Segment Start: Records provided

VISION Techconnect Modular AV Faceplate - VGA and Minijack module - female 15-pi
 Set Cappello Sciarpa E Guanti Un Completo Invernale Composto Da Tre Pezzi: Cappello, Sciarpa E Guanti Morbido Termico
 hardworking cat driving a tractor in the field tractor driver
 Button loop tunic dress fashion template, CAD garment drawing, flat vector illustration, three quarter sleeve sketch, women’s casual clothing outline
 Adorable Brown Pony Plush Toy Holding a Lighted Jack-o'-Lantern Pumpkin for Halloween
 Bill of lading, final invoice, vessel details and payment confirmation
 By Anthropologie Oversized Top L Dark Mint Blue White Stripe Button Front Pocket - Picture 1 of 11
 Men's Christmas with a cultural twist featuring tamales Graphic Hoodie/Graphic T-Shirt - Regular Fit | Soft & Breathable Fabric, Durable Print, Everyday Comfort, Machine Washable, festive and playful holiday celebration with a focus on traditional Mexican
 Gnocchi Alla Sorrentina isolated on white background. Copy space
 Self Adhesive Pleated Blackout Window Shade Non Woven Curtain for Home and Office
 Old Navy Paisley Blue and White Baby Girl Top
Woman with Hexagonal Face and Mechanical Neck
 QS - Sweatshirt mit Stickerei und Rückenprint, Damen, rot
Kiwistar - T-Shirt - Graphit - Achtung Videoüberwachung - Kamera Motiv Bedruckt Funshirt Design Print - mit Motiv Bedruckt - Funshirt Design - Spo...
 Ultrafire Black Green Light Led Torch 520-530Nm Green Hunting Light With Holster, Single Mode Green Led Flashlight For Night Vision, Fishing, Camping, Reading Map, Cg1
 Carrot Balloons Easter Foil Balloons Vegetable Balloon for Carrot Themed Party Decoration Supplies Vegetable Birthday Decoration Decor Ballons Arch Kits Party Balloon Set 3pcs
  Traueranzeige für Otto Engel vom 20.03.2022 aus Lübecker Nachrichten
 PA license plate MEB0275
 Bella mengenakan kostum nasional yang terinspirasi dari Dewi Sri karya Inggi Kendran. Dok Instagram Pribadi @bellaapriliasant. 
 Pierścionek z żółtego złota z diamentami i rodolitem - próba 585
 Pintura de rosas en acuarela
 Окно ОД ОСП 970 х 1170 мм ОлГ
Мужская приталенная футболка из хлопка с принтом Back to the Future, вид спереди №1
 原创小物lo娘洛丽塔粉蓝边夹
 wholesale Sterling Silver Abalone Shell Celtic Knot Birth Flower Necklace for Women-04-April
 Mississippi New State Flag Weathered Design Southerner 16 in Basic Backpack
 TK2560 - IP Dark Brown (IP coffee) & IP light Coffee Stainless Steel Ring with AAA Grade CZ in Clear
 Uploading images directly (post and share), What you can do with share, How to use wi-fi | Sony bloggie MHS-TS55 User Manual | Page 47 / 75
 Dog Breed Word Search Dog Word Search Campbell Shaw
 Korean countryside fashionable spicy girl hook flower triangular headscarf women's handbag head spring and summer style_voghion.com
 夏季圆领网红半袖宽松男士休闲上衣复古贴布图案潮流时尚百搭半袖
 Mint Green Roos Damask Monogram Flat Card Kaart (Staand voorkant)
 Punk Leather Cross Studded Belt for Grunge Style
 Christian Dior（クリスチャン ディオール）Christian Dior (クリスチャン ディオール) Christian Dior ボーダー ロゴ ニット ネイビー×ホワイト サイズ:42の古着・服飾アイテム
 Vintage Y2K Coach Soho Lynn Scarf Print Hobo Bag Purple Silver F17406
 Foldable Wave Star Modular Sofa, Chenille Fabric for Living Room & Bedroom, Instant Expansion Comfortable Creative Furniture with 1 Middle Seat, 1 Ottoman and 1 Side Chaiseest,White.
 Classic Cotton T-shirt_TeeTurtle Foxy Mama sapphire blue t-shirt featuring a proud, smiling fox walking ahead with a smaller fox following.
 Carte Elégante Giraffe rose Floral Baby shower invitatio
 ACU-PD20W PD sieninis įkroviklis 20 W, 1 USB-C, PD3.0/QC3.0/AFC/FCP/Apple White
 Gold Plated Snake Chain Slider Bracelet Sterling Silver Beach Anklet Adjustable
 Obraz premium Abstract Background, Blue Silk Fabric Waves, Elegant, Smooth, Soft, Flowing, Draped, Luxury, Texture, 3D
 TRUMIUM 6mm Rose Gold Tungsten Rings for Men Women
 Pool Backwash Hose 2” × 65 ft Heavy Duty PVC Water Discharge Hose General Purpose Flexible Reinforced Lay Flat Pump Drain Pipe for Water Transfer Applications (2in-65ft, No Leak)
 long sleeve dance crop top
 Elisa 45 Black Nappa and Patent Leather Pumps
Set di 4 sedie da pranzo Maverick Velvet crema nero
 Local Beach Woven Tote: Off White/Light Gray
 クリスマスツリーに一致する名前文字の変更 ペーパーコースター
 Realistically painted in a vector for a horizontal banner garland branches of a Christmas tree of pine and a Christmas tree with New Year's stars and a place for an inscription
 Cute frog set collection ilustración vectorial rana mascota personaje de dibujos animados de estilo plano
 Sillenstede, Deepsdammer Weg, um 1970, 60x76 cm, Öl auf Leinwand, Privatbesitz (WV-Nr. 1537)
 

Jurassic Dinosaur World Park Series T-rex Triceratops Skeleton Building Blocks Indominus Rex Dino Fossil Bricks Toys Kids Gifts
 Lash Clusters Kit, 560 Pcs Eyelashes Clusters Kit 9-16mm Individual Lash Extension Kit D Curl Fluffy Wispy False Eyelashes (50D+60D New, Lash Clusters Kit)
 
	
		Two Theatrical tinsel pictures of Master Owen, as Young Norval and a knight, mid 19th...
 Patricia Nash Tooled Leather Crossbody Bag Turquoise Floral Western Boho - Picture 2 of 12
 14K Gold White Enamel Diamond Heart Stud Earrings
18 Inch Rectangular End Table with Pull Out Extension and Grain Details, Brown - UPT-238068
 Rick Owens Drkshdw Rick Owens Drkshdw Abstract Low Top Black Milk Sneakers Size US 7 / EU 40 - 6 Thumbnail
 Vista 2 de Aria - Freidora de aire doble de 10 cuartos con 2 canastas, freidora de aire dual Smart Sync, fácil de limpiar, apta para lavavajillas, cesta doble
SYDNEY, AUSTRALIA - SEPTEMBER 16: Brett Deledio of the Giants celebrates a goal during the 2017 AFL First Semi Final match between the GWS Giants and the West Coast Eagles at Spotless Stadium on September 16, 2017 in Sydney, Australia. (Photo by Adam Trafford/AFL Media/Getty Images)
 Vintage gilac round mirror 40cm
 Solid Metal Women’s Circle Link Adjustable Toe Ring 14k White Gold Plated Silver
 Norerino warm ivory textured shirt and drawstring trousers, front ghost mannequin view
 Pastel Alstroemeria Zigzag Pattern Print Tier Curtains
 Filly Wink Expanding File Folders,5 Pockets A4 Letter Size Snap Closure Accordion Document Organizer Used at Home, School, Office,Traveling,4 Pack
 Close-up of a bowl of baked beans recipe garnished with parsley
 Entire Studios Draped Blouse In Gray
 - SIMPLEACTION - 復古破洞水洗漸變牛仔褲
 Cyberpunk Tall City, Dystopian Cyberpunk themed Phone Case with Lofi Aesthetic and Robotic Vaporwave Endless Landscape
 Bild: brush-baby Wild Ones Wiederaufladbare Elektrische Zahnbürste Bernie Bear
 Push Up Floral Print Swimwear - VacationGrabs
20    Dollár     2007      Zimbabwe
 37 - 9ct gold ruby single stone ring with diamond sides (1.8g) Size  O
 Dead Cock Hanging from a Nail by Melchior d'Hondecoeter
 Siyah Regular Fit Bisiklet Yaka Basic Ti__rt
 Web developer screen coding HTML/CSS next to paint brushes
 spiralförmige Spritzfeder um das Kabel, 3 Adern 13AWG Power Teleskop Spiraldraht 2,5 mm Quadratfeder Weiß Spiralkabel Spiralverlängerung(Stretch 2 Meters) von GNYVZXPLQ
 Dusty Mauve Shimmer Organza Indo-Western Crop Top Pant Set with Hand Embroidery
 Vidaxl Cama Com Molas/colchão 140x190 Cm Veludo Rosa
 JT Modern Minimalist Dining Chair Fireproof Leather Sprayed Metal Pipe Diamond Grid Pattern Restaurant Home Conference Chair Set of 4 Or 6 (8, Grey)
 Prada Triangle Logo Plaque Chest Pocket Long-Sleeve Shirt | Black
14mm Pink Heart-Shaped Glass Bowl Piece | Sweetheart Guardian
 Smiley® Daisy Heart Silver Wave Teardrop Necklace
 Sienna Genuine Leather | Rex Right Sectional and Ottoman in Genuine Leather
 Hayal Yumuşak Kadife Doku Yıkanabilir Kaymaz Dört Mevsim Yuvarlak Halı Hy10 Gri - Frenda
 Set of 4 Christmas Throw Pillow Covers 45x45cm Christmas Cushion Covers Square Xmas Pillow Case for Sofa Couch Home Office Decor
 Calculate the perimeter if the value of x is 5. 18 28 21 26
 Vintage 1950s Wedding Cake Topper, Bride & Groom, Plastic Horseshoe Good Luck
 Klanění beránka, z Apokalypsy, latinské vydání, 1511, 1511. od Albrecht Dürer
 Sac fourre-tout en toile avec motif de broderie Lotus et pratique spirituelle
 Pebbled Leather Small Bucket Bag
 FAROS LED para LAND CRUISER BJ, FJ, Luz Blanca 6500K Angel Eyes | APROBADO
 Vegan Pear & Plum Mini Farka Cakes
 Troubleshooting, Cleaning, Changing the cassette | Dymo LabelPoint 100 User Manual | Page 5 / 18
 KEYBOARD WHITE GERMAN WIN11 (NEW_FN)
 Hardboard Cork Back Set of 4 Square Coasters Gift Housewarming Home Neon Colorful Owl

Segment End: Records provided

* [What is required]: Check each line of the data above for the string "Sofa", and copy the ones that have it.

* [Solution]:
 Foldable Wave Star Modular Sofa, Chenille Fabric for Living Room & Bedroom, Instant Expansion Comfortable Creative Furniture with 1 Middle Seat, 1 Ottoman and 1 Side Chaiseest,White.
 Set of 4 Christmas Throw Pillow Covers 45x45cm Christmas Cushion Covers Square Xmas Pillow Case for Sofa Couch Home Office Decor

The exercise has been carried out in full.